* Exercise requirements
Leave every image out, and print the remaining lines below exactly.

* Provided material
+++++

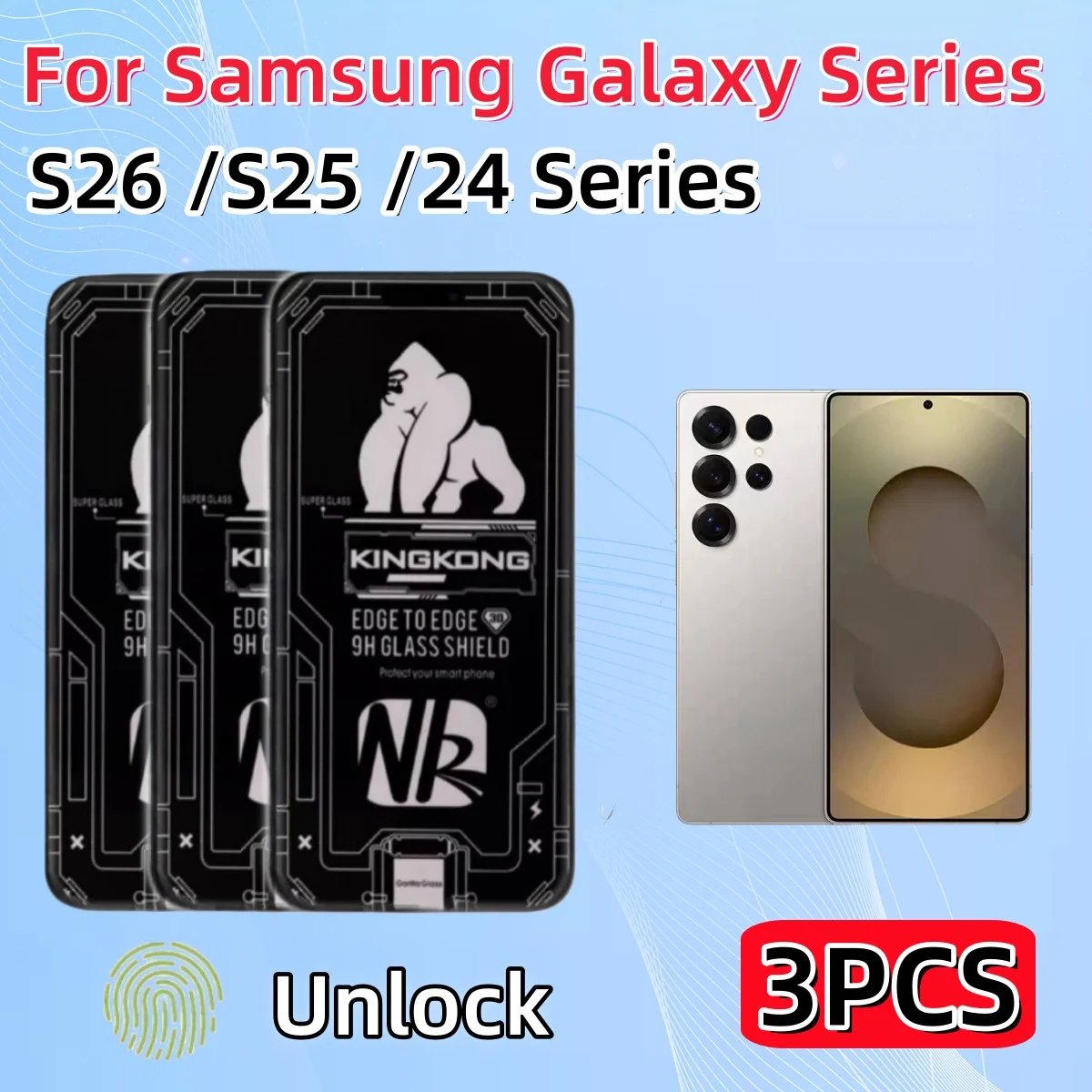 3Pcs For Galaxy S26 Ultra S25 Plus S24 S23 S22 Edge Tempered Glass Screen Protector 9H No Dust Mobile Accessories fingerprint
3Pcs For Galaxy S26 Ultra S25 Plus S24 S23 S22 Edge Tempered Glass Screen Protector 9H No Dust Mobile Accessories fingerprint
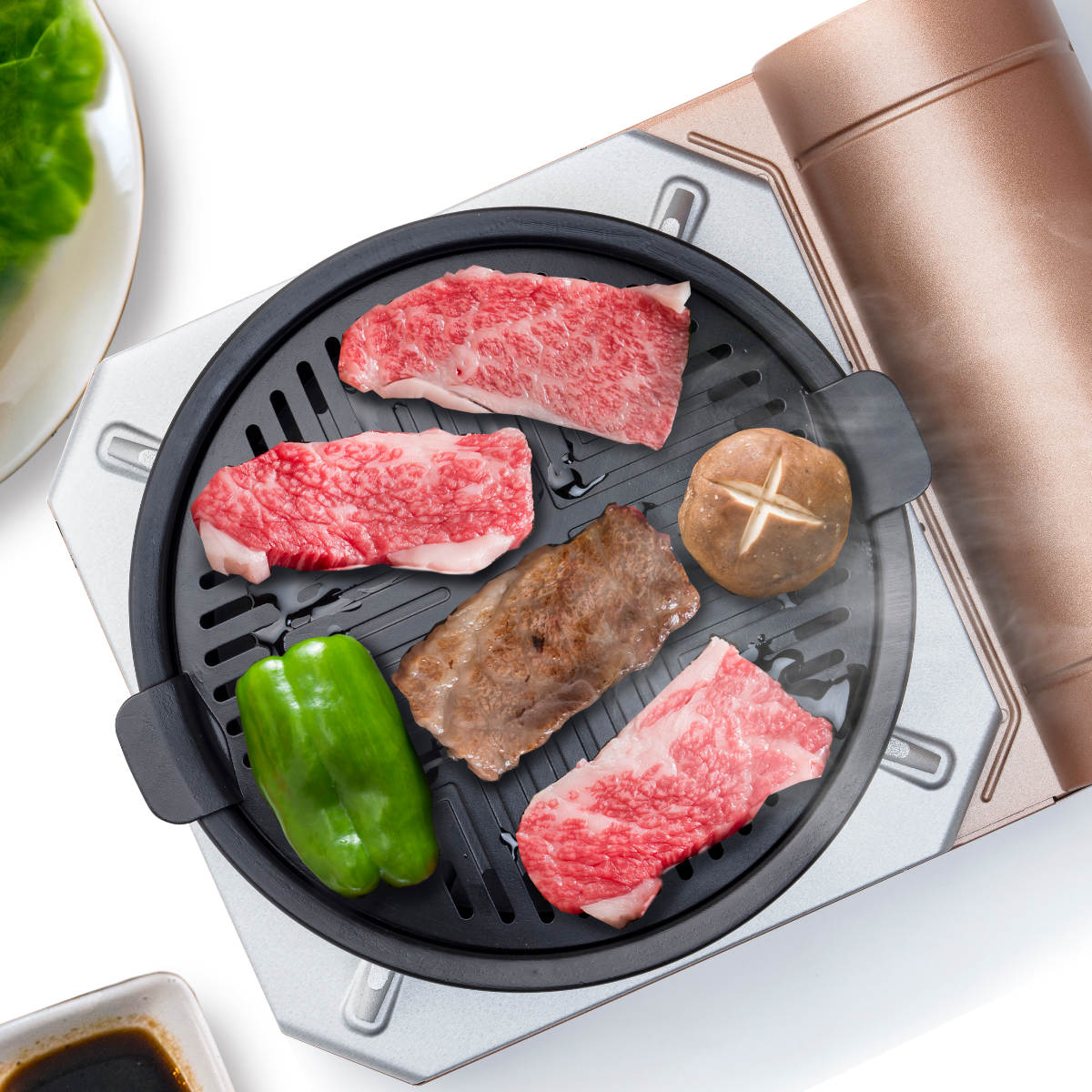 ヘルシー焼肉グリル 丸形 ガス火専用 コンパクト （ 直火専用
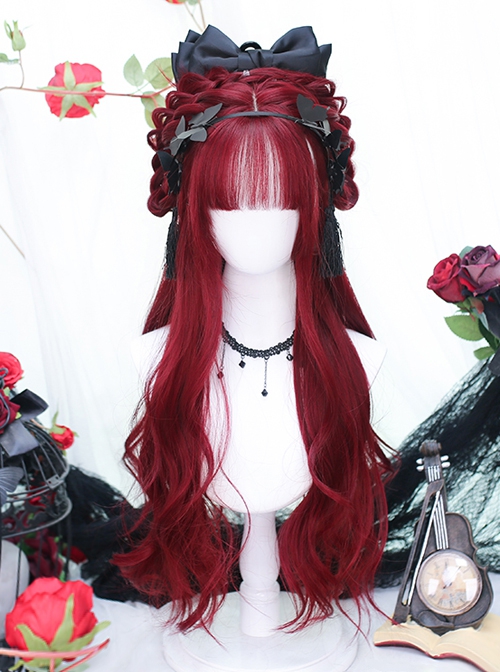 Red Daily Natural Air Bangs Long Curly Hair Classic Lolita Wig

+++++

* Response to the task
 3Pcs For Galaxy S26 Ultra S25 Plus S24 S23 S22 Edge Tempered Glass Screen Protector 9H No Dust Mobile Accessories fingerprint
3Pcs For Galaxy S26 Ultra S25 Plus S24 S23 S22 Edge Tempered Glass Screen Protector 9H No Dust Mobile Accessories fingerprint
 ヘルシー焼肉グリル 丸形 ガス火専用 コンパクト （ 直火専用
 Red Daily Natural Air Bangs Long Curly Hair Classic Lolita Wig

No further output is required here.